Most of the people we talked to at the listening project ended up thanking us for being there. People working for the city of Watsonville were especially appreciative. More extreme weather events have happened in the last year, and people were eager to talk about them. Still, many people we spoke with either weren’t at all aware of the concept of climate change or couldn’t put anything about it into words. That reinforced for me how important it is to simply find ways to bring climate change into the conversation. Having an information booth at a festival is a great way to reach the general population.

A middle-aged white woman, who was well informed, said after a few minutes, “You know, sometimes I think that all the little things we’re doing (to fight climate change) just won’t make any difference. I’ve never said that out loud to anyone. I’m really an optimist, but I’m starting to think that they just won’t make a difference.” It struck me how significant it is to listen to someone. I’m hopeful that by sharing her thoughts she won’t continue to harbor the same feeling of hopelessness.

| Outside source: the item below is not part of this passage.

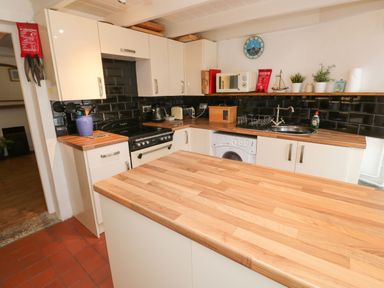 A kitchen with wooden countertops white cabinets a stove microwave washing machine and various kitchen items at Labour in Vain St Ives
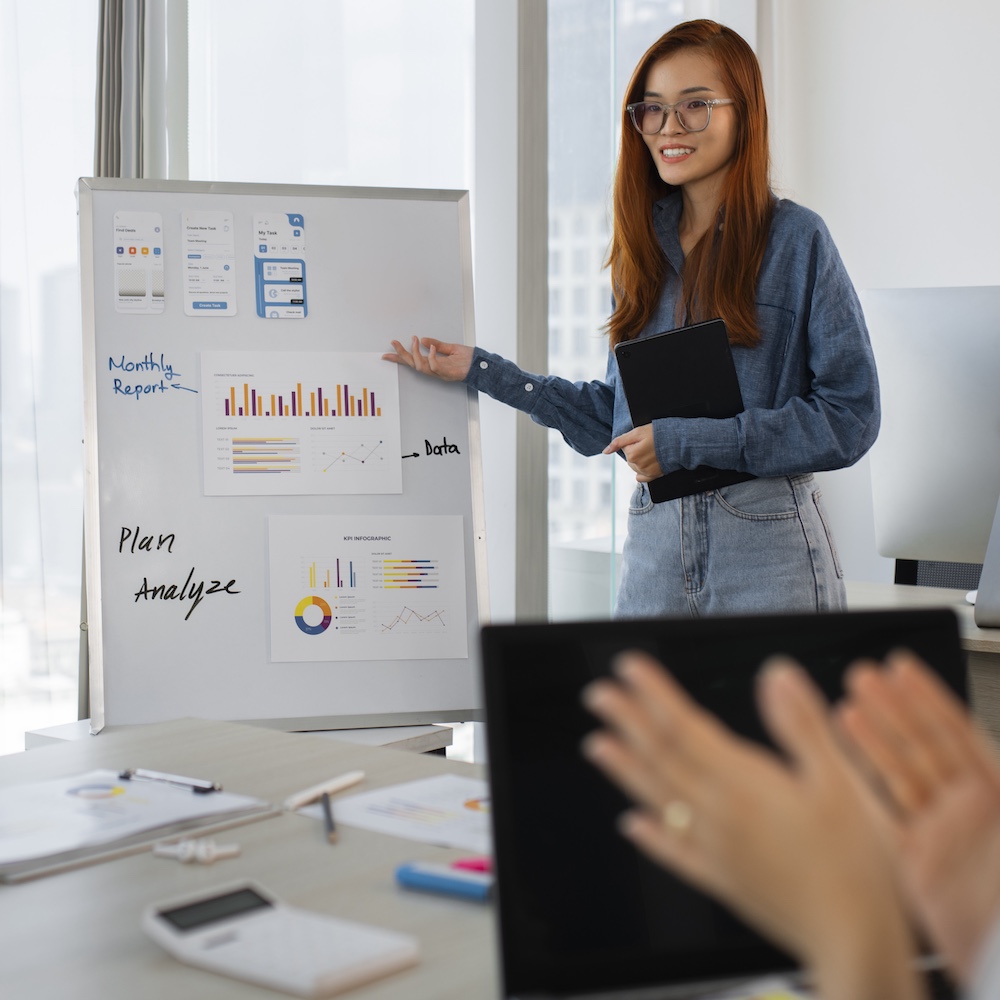 Marketing Specialist Giving Presentation to Office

Some people at first appeared to not know much but later turned out2 to know a great deal. I encouraged them to share their perspective with their friends, family, neighbors, and so on.

I recorded the names, e-mails, and phone numbers of people interested in receiving more information and made a few notes to myself so that I could remember names and faces.

I am planning an experiment. I’m going to invite some people—people who work for the city of Watsonville, people attending a Climate Action Plan public workshop for our city next week, all the people who signed up for our e-mail list, and some friends—to a four-week class this summer. I’m envisioning it as a naturalized RC class, led by me, with assistance from a friend who is in RC. I’m going to ask if it can be an official part of the city’s Climate Action Plan so that we can get free use of a centrally located room.

I see it as a way to get people started using listening tools. I’ll encourage them to choose someone in their life to keep exchanging time3 with. I’m also envisioning it as a stepping stone to an RC class. I hope that people will get “hooked” with the process and then be interested in hearing about an organization that offers more and requires more of a commitment. People who seem especially sharp4 will be invited to an RC class.

Here is draft of a flier for the class. You are welcome to use it, or adapt it for your use. I’d love feedback.

THINKING OUR WAY FORWARD

Climate change is one of the most critical issues facing humanity. We need to engage people everywhere in thinking about how to preserve life on Earth.

Are you interested in talking with others concerned about climate change? Not sure how to start the conversation with your friends? Feeling worried or hopeless? Feeling angry about the disproportionate impact of climate change and environmental destruction on low-income communities and people of color? Inspired and energized but unsure what to do?

Come to our four-meeting series in July! We’ll teach the art of listening as we give each person the opportunity to speak freely—without debate, argument, judgment, or discussion. This type of listening helps people clarify their thoughts, gain confidence in expressing their ideas, and move toward action in the world.

Exact time and place to be arranged. Sign here to receive more information!

Nancy Faulstich
Watsonville, California, USA

Reprinted from the RC e-mail
discussion list for leaders in
the care of the environment


1 In an RC listening project, several Co-Counselors go to a public place and offer to listen to passersby about some important issue, such as racism or a current war. They may hold signs that invite people to share their thinking about that issue.
2 “Turned out” means were revealed.
3 “Exchanging time” means taking turns listening.
4 In this context, “seem especially sharp” means seem to have a lot of free attention.